Quantum Sensing — the data layer over ultra-sensitive sensors

Quantum Sensing is a data and abstraction layer over ultra-sensitive quantum sensors. It is deliberately not the physics — it is the registry, ingest, storage, and analysis that sit above the hardware, so a program can treat very different sensor classes through one consistent interface.

The sensor registry:

Register sensors across the major quantum classes — magnetometry (NV-center and optically-pumped magnetometers), gravimetry (cold-atom), timing (optical and atomic clocks), quantum imaging, and quantum radar or lidar. Each sensor carries a typed CapabilityDescriptor: what it measures, its canonical unit, and its sample-rate class. That descriptor uses the same shape the Fabric uses for MCP tools, so a sensor is described the same way any other capability is.

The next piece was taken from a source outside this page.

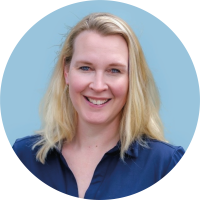 Sharon Nieuwenhuisen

The provider seam is dormant by default:

No vendor is hardcoded. A sensor does nothing until real hardware and credentials are configured — the provider seam ships dormant on purpose, so the module is honest about what is real versus what is waiting on hardware.

Ingesting readings:

Readings come in as a class-agnostic time series. Spatial readings carry latitude and longitude and overlay the location fabric, so a magnetometer sweep or a gravimetry survey shows up on the map alongside everything else spatial.

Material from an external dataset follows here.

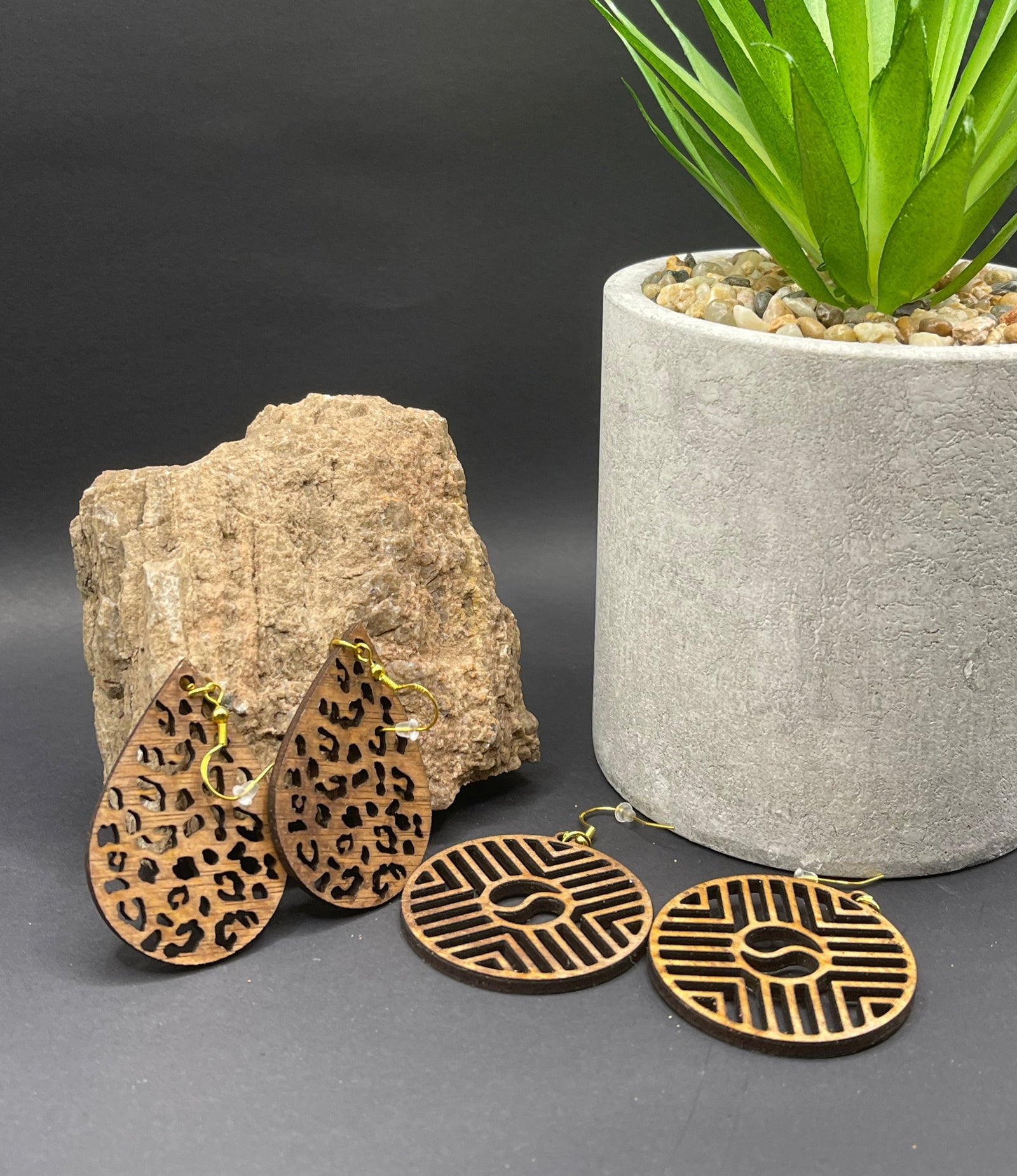 Stylish Earrings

Into the Data Lake, no export loop:

Readings project into the Data Lake as a queryable quantumReadings dataset. You query sensor data with the same tools you query the rest of your org's data — there is no separate export step to keep in sync.

The analysis pipeline:

A pipeline does calibration and bias/drift correction, noise filtering, and rolling-baseline anomaly detection. Where the real physics has to plug in, the steps are honest DSP stubs rather than hidden magic — the abstraction is real and the seam for the hardware is clearly marked.